Purchaser is a public body
The second condition is that the purchaser is a public body.
5 year time limit
The final condition is that the transaction takes place within 5 years of the date the planning obligation was entered into or modified. It is the latest of these dates from which the time period runs.
For example, if the planning obligation was entered into on 1 March 2020 and subsequently modified on 20 September 2022 and modified again on 25 June 2023 and then became the subject of a compulsory purchase order, the land transaction transferring to the property from the developer to the public body must take place by 24 June 2028 at the latest. This is the last date which is within the period of five years commencing with the date of the last modification (that is within 5 years from 25 June 2023).

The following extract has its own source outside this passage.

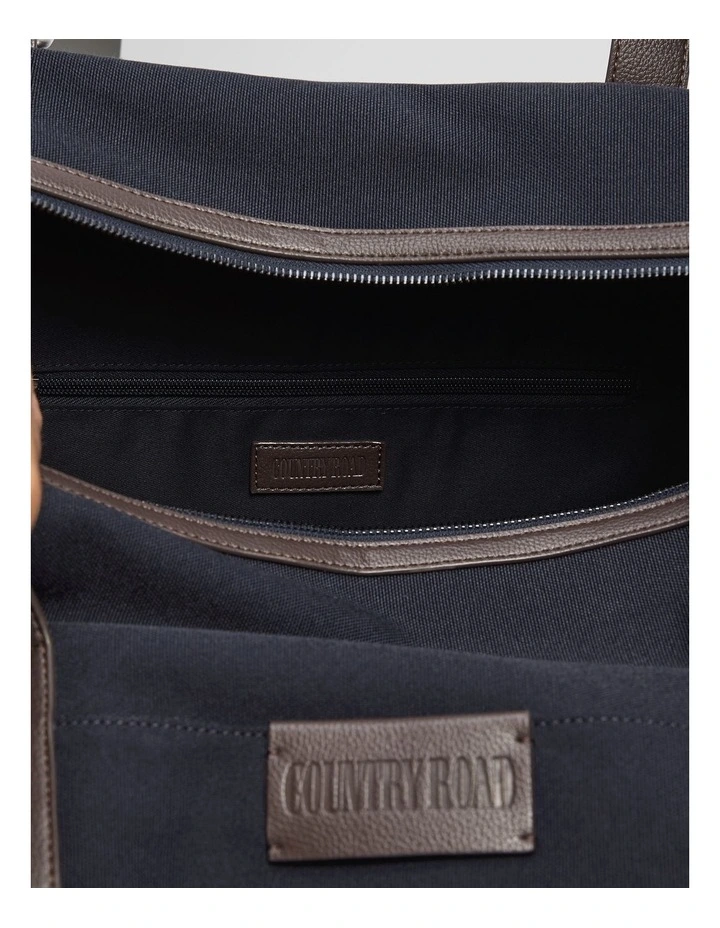 Hudson Duffle Bag in Navy image 4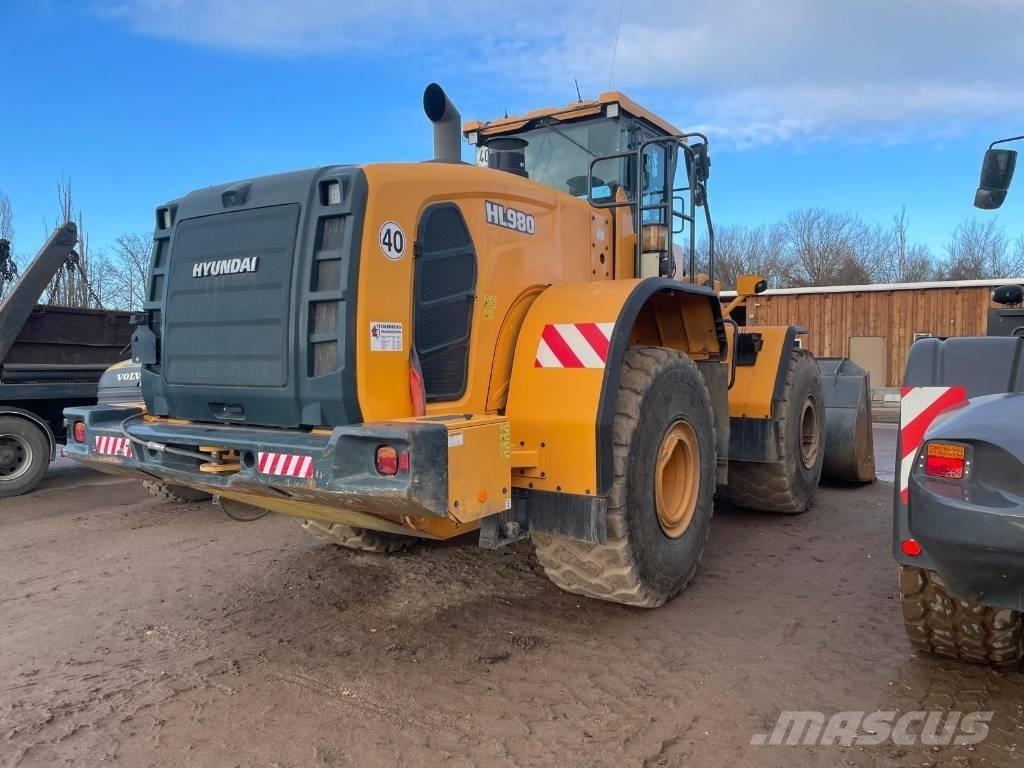 Hyundai HL 980 Chargeuse sur pneus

Planning obligation and modification of a planning obligation
A planning obligation is defined as one within the meaning of Section 106 of the Town and Country Planning Act 1990 which is entered into in accordance with subsection 9 of that section.
A modification of planning obligation is defined as a modification mentioned in Section 106A(1) of the Town and Country Planning Act 1990.
The following is a list of the public bodies for the purposes of this relief:
- a county or county borough council constituted under section 21 of the Local Government Act 1972
- a Special Health Authority established under section 22 of the National Health Service (Wales) Act 2006
- a Local Health Board established under section 11 of the National Health Service (Wales) Act 2006
- a National Health Service Trust established under section 18 of the National Health Service (Wales) Act 2006
- A person specified as a public body for this relief by the Welsh Ministers in regulations.